Fielding also created the 2008 animated series Life According to Dinosaurs for UK Channel 4, of which the two dinosaur protagonists were voiced by the pair of Project Moonbase hosts ("Dave Yellow" by Baldock, "Steve Green" by Fielding).

Describing his taste in music, Zirconium said in 2011:
I like my sonification to fill me with terror. If I am listening to radiation emanating from distant parts of the universe, I want to feel horrified by the scientific majesty of it all.

==Recognition==

Wired magazine had an article by Questlove titled "How to Listen Now" in March 2014 in which Questlove described Project Moonbase as an "oddly specific podcast specialising in sitar-driven psychedelia, 8-bit and other trips".

Rolling Stone magazine's music columnist Colleen Nika wrote "I take head trips with them often – my preferred method of travel of late".

BBC Radio 6 presenter Tom Robinson in his Pick of the Pods podcast in 2011 described Project Moonbase as an "exotic and wonderful musical world".

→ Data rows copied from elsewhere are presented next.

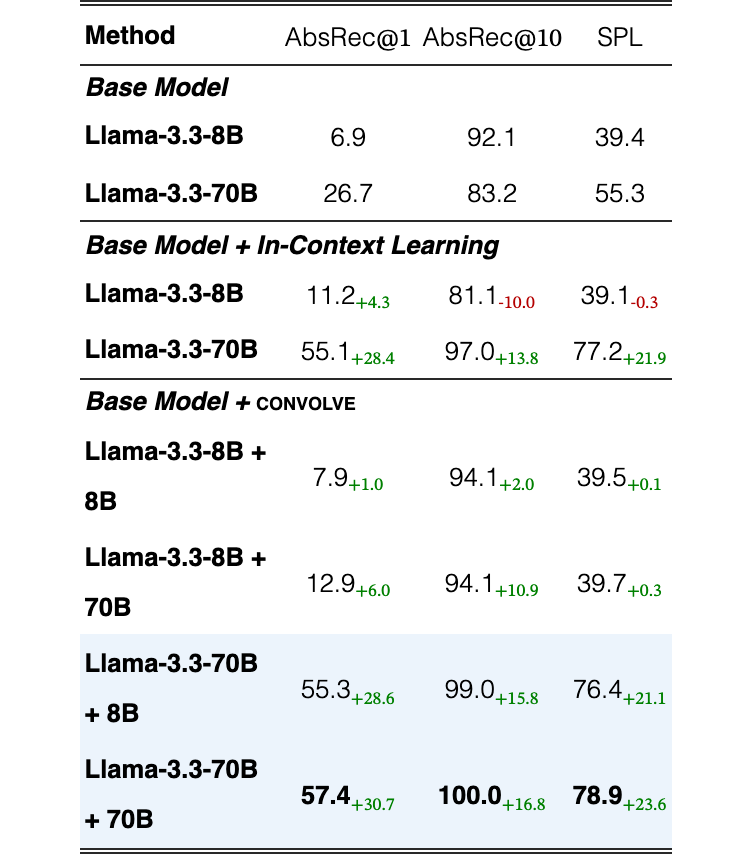 Original Table 1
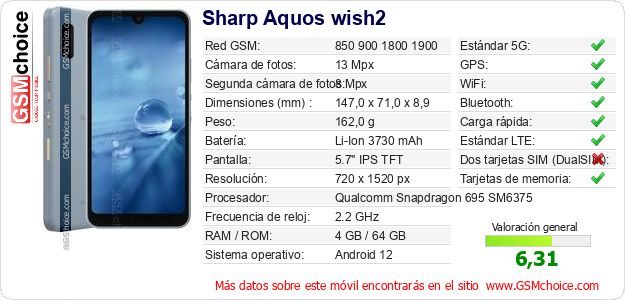 Sharp Aquos wish2 Datos técnicos del móvil 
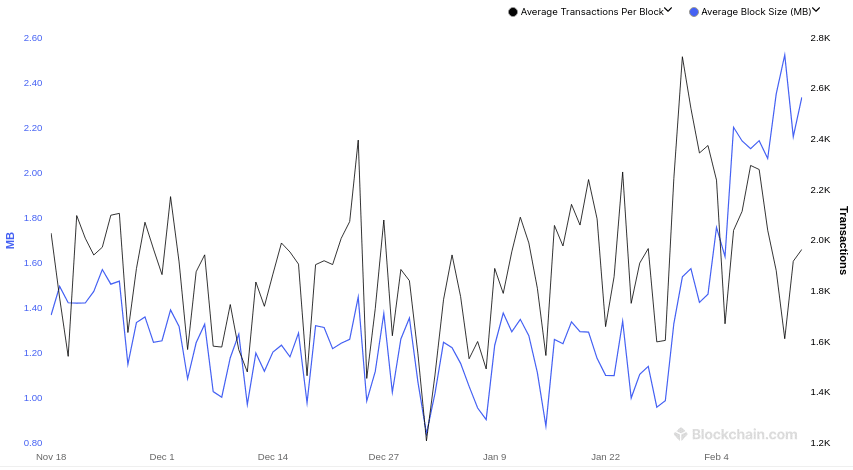 Bitcoin NFT mania hits with over 100k Ordinals inscribed - 6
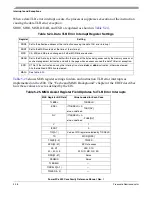 Preview for 280 page of Freescale Semiconductor PowerPC e500 Core Reference Manual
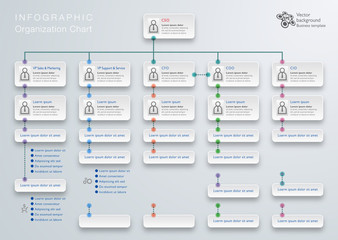 zeichnen flowchart Infographics #Organization Vector Chart Vetor: Background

Mark Barton, editor of Losing Today indie music magazine described the show as "sumptuously populated by all manner of strange sounds, library take outs, lounge lilts and sonic curios".

Musician John Flansburgh of They Might Be Giants recommended Project Moonbase as a "highly entertaining detour into the world of electronic music old, older and sometimes more recent".

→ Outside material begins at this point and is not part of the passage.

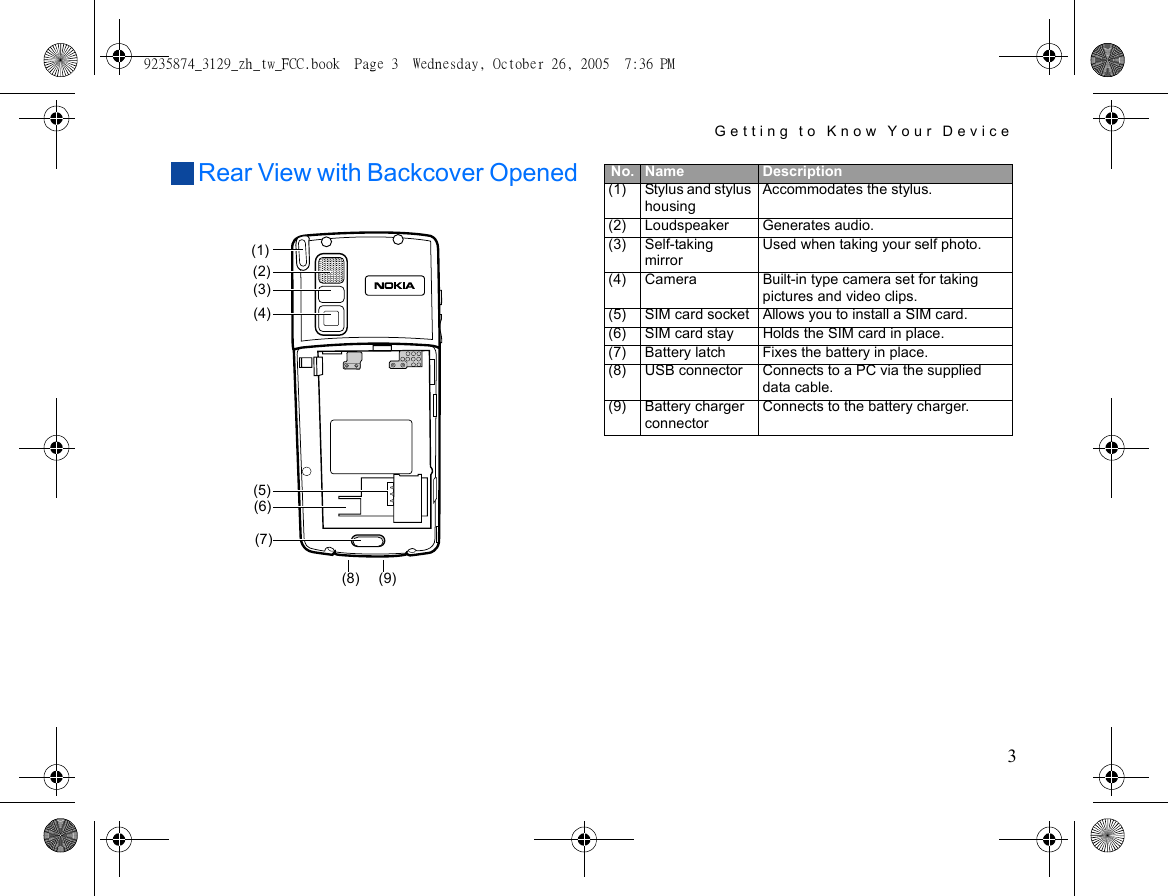 Getting to Know Your Device3Rear View with Backcover Opened(1)(2)(5)(6)(7)(9)(8)(3)(4)No. Name Description(1) Stylus and stylus housingAccommodates the stylus.(2) Loudspeaker Generates audio.(3) Self-taking mirrorUsed when taking your self photo.(4) Camera Built-in type camera set for taking pictures and video clips.(5) SIM card socket Allows you to install a SIM card.(6) SIM card stay Holds the SIM card in place.(7) Battery latch Fixes the battery in place.(8) USB connector Connects to a PC via the supplied data cable.(9) Battery charger connectorConnects to the battery charger.9235874_3129_zh_tw_FCC.book  Page 3  Wednesday, October 26, 2005  7:36 PM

The podcast holds a rating of 4.9 stars out of 5 on Apple Podcasts.

==Funding==

The show features no advertising nor sponsorship, being fully listener-supported.

The website offers Amazon affiliate links so that the show can earn a commission for any music purchased by listeners through their site.

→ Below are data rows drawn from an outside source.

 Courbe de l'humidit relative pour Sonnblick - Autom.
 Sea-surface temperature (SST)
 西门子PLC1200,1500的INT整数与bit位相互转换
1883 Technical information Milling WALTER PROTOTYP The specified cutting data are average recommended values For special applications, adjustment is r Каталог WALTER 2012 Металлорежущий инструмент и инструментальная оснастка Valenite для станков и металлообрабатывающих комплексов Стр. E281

The show offered the opportunity for listeners to purchase a title of nobility on the moon, such as a "Moon Baron", for which they would receive a certificate, have their name displayed in the "Moon Hall of Fame", and also receive access to listen to recordings of episodes of the show from Leith FM that were not available by other means. Musicians reaching 80 years of age were automatically granted an honorary Moon Lordship.

==See also==
- Mystery Science Theater 3000 – A television show with a similar theme, in which a space janitor and his robotic colleagues provide commentary over old science fiction movies, including the eponymous 1953 Project Moonbase movie (in Season 1, Episode 9).
- Parallel 9 – A television show with a similar theme, in which a transdimensional prisoner is permitted visitors from Earth for two hours each week.